(Beginning of WORKING DATA)

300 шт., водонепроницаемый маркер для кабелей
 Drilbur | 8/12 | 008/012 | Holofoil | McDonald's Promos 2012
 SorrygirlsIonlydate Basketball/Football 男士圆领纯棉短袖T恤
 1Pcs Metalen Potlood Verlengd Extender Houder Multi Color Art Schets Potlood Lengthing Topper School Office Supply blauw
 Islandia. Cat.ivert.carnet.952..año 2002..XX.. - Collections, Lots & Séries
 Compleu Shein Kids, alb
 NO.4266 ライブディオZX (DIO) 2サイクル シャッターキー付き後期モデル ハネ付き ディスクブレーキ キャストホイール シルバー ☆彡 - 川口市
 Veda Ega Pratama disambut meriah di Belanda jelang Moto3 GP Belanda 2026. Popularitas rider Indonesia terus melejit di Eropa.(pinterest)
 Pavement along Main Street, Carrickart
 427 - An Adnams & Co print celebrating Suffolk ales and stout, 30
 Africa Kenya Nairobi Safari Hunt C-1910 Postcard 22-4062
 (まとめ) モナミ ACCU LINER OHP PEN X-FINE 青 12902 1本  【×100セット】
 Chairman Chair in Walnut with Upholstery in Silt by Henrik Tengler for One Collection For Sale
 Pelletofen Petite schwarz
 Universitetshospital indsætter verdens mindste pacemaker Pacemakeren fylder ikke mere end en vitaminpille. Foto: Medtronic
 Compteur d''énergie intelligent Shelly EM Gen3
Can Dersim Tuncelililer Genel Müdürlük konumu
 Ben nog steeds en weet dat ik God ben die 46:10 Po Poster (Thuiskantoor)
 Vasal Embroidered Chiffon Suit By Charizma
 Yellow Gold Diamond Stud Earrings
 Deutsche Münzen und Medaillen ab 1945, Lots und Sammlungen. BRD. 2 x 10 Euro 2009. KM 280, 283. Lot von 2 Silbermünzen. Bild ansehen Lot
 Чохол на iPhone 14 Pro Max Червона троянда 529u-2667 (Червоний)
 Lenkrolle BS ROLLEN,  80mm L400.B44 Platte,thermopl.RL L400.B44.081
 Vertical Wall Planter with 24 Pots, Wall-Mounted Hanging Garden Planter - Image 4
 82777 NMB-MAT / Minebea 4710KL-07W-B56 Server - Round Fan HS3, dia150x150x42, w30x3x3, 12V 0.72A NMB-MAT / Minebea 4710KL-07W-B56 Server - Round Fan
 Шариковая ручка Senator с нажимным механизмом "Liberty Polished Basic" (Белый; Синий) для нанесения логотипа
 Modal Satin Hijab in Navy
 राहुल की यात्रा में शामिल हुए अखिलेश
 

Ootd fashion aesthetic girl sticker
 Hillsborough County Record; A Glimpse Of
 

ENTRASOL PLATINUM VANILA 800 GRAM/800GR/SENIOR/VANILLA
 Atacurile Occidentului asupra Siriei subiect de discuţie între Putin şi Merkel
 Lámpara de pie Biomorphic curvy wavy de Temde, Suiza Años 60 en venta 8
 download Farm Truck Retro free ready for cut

(End of WORKING DATA)

→ **REQUIRED ACTION**: Copy every line of the listing above exactly.

→ **EXERCISE SOLUTION**:
300 шт., водонепроницаемый маркер для кабелей
 Drilbur | 8/12 | 008/012 | Holofoil | McDonald's Promos 2012
 SorrygirlsIonlydate Basketball/Football 男士圆领纯棉短袖T恤
 1Pcs Metalen Potlood Verlengd Extender Houder Multi Color Art Schets Potlood Lengthing Topper School Office Supply blauw
 Islandia. Cat.ivert.carnet.952..año 2002..XX.. - Collections, Lots & Séries
 Compleu Shein Kids, alb
 NO.4266 ライブディオZX (DIO) 2サイクル シャッターキー付き後期モデル ハネ付き ディスクブレーキ キャストホイール シルバー ☆彡 - 川口市
 Veda Ega Pratama disambut meriah di Belanda jelang Moto3 GP Belanda 2026. Popularitas rider Indonesia terus melejit di Eropa.(pinterest)
 Pavement along Main Street, Carrickart
 427 - An Adnams & Co print celebrating Suffolk ales and stout, 30
 Africa Kenya Nairobi Safari Hunt C-1910 Postcard 22-4062
 (まとめ) モナミ ACCU LINER OHP PEN X-FINE 青 12902 1本  【×100セット】
 Chairman Chair in Walnut with Upholstery in Silt by Henrik Tengler for One Collection For Sale
 Pelletofen Petite schwarz
 Universitetshospital indsætter verdens mindste pacemaker Pacemakeren fylder ikke mere end en vitaminpille. Foto: Medtronic
 Compteur d''énergie intelligent Shelly EM Gen3
Can Dersim Tuncelililer Genel Müdürlük konumu
 Ben nog steeds en weet dat ik God ben die 46:10 Po Poster (Thuiskantoor)
 Vasal Embroidered Chiffon Suit By Charizma
 Yellow Gold Diamond Stud Earrings
 Deutsche Münzen und Medaillen ab 1945, Lots und Sammlungen. BRD. 2 x 10 Euro 2009. KM 280, 283. Lot von 2 Silbermünzen. Bild ansehen Lot
 Чохол на iPhone 14 Pro Max Червона троянда 529u-2667 (Червоний)
 Lenkrolle BS ROLLEN,  80mm L400.B44 Platte,thermopl.RL L400.B44.081
 Vertical Wall Planter with 24 Pots, Wall-Mounted Hanging Garden Planter - Image 4
 82777 NMB-MAT / Minebea 4710KL-07W-B56 Server - Round Fan HS3, dia150x150x42, w30x3x3, 12V 0.72A NMB-MAT / Minebea 4710KL-07W-B56 Server - Round Fan
 Шариковая ручка Senator с нажимным механизмом "Liberty Polished Basic" (Белый; Синий) для нанесения логотипа
 Modal Satin Hijab in Navy
 राहुल की यात्रा में शामिल हुए अखिलेश
 

Ootd fashion aesthetic girl sticker
 Hillsborough County Record; A Glimpse Of
 

ENTRASOL PLATINUM VANILA 800 GRAM/800GR/SENIOR/VANILLA
 Atacurile Occidentului asupra Siriei subiect de discuţie între Putin şi Merkel
 Lámpara de pie Biomorphic curvy wavy de Temde, Suiza Años 60 en venta 8
 download Farm Truck Retro free ready for cut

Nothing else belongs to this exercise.